To run 896 gpu threads as one worker, and multiple workers in parallel, does not pay off. There is an 12x slow down when increasing from 64 to 896 threads. Actually this seems only natural, but i thought the multiple threads would handle somehow the memory latency better.
The overall performance of the v0400 design was satisfactory, only the nps per worker was too low, but maybe i can couple up to 1024 gpu threads to one worker, used to infere the ANN faster? Benchs will tell...
Okay, some further, not so quick n dirty, benchmarks showed
~240 nps for Nvidia GTX 750 and
~120 nps for AMD Fury X
I assume on modern gpus about 200 nps per worker.
While NN cache could be able to double these values, this is imo a bit too slow for the intended search algorithm, considering about 36x10 qsearch positions on average per expanded node, one worker would need about a second to get a node score.
Back to pen n paper.
wip...will take some time...
* GPGPU device based
- host handles only the IO, search and ANN inference on gpu
- gpu computation will be limited by node count to about 1 second per
repeated iteration, to avoid any system timeouts
* parallel BestFirstMiniMax-Search on gpu
- game tree in gpu memory
- best node selected via score + UCT formula (visit count based)
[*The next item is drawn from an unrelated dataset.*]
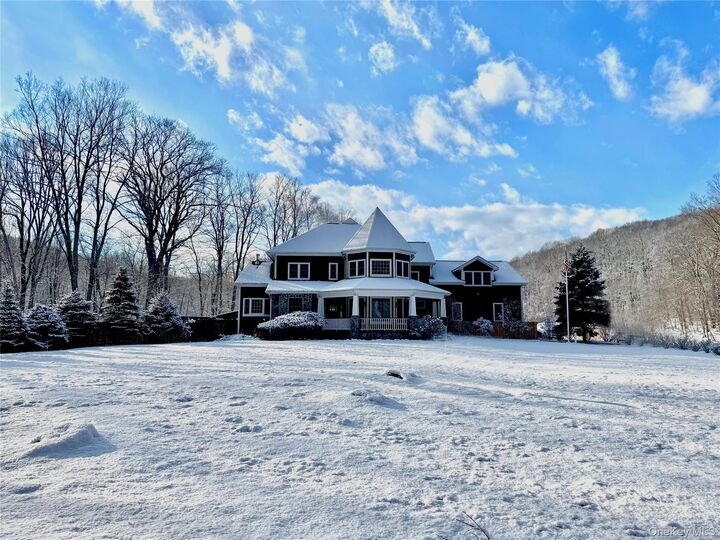 Property Photo:  1081 E Mountain Road S  NY 10516 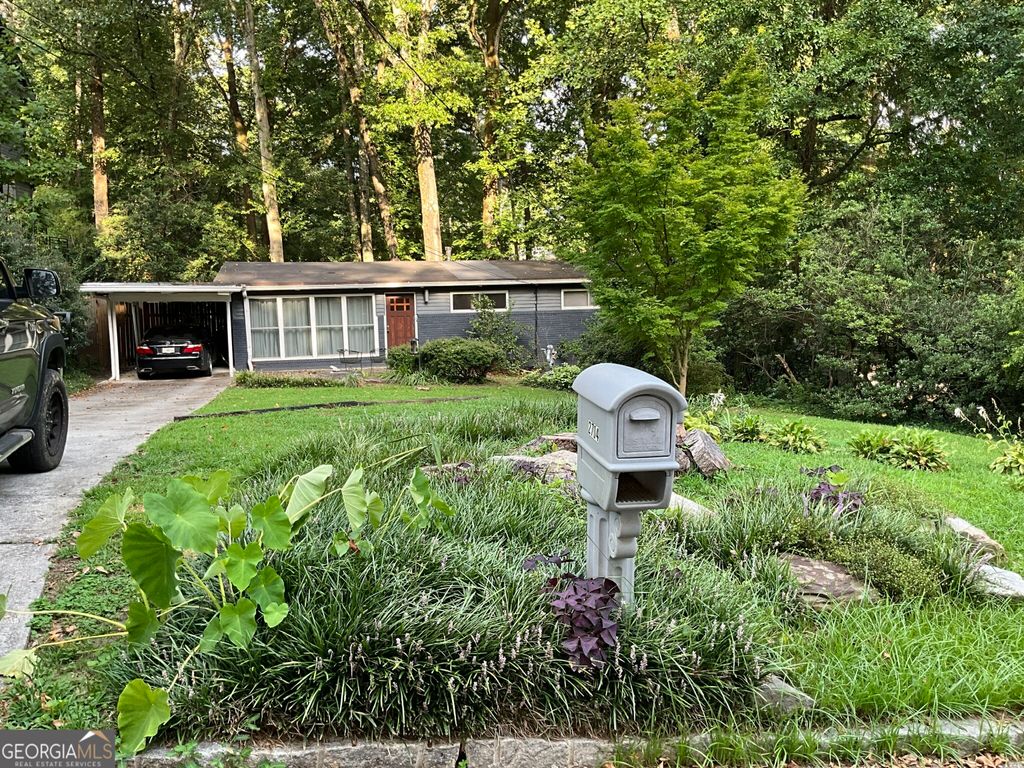 2704 Cove Circle NE, Brookhaven, GA 30319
- AlphaBeta Q-Search performed at leafnodes to get a node score
* multiple small MLP neural networks
- about 4 million weights per network
- 30 networks in total, split by piece count
* trained via TD-leaf by pgn games
- 6/7 men EGTB could be used for training?
* 64 gpu threads are coupled to one worker
- used during move gen, move pick and ANN eval in parallel
- gpu core count depended from 64 workers to 2048 workers in total
Some quick and dirty benchmarks showed that with this design ~1 Knps per worker is possible.